Set down exactly the lines below between the line holding "Colorful Fruit Salad in Glass" and the line holding "Gucci Calfskin Stamp", inclusive; no other line belongs in the answer.

▶ _Records_:
Segment Open
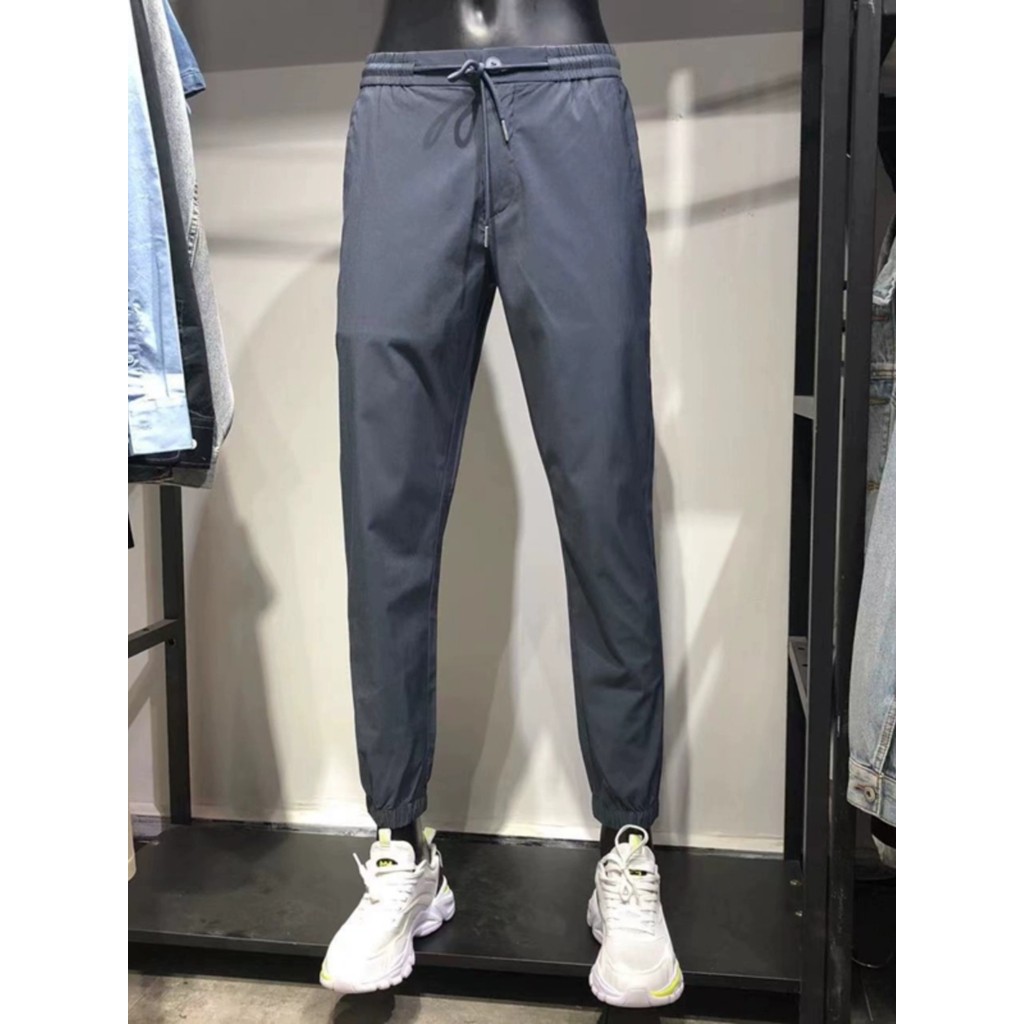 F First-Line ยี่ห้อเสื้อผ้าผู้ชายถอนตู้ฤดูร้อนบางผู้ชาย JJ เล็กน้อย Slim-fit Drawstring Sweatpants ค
Segment Closed
Segment Open
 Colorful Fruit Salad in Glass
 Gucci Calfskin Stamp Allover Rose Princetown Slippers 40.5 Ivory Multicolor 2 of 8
Segment Closed
Segment Open
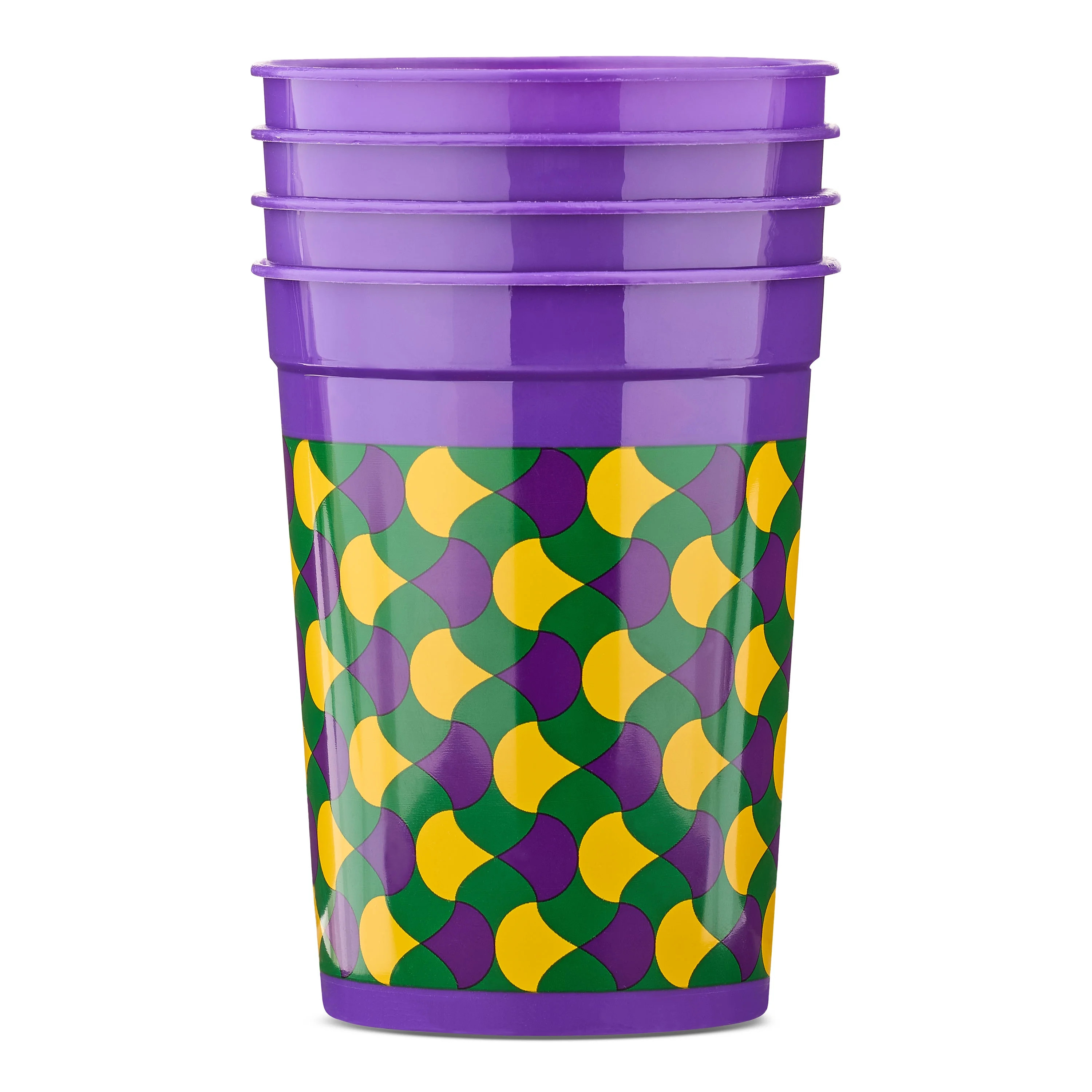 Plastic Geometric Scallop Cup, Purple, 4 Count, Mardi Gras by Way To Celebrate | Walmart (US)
Segment Closed
▶ _Result of the task_:
 Colorful Fruit Salad in Glass
 Gucci Calfskin Stamp Allover Rose Princetown Slippers 40.5 Ivory Multicolor 2 of 8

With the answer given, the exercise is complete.